Startup Law
Do I have to file a beneficial-ownership (BOI) report?
The Corporate Transparency Act requires certain companies to report their beneficial owners to FinCEN — but the rules changed sharply in 2025. Under FinCEN's interim final rule issued in March 2025, entities created in the United States and their beneficial owners are exempt from beneficial-ownership reporting; only certain foreign-formed entities registered to do business in the United States must file. This is a fast-moving area and a final rule is still expected, so verify current status before relying on it.
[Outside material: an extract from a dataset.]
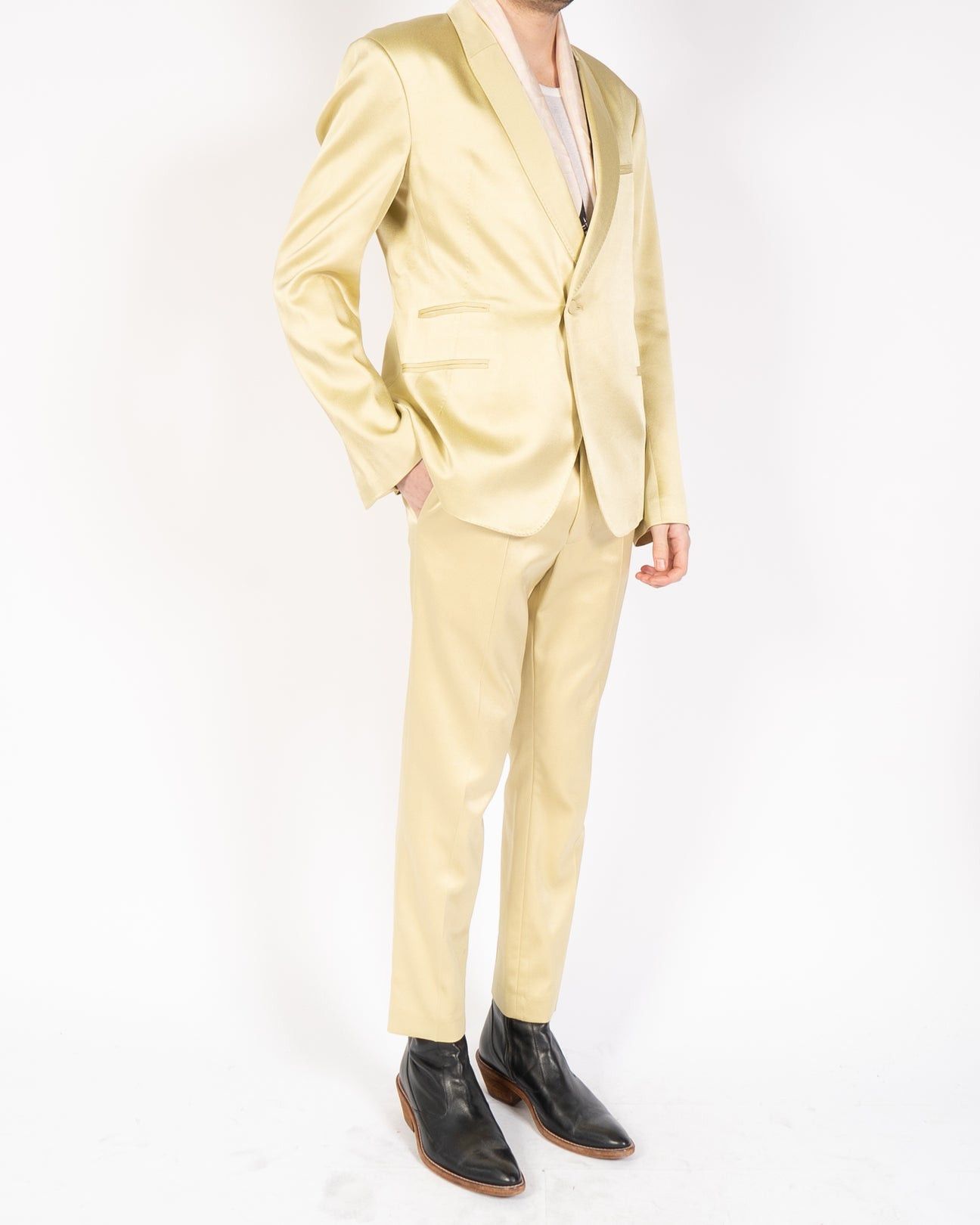 Haider Ackermann FW19 Yellow Satin Shawl Collar Blazer Size US L / EU 52-54 / 3 - 2 Thumbnail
Because this rule has changed repeatedly, this page is re-verified on a quarterly schedule.
What does the Corporate Transparency Act require?
Enacted to fight illicit finance, the CTA (31 U.S.C. Section 5336) requires covered companies to report their beneficial owners — generally anyone who owns 25% or more or exercises substantial control — to the Financial Crimes Enforcement Network (FinCEN).
It applies to many corporations and LLCs unless an exemption applies.
What is the current status (2025-2026)?
Under FinCEN's March 2025 interim final rule, entities created in the United States and their beneficial owners are exempt, and only certain foreign-formed entities registered in the U.S. must file. Confirmed current at FinCEN.gov on June 20, 2026.
A final rule is still expected, and this has changed before — VERIFY the current rule at FinCEN.gov before relying on it. (See the verification note in this document.)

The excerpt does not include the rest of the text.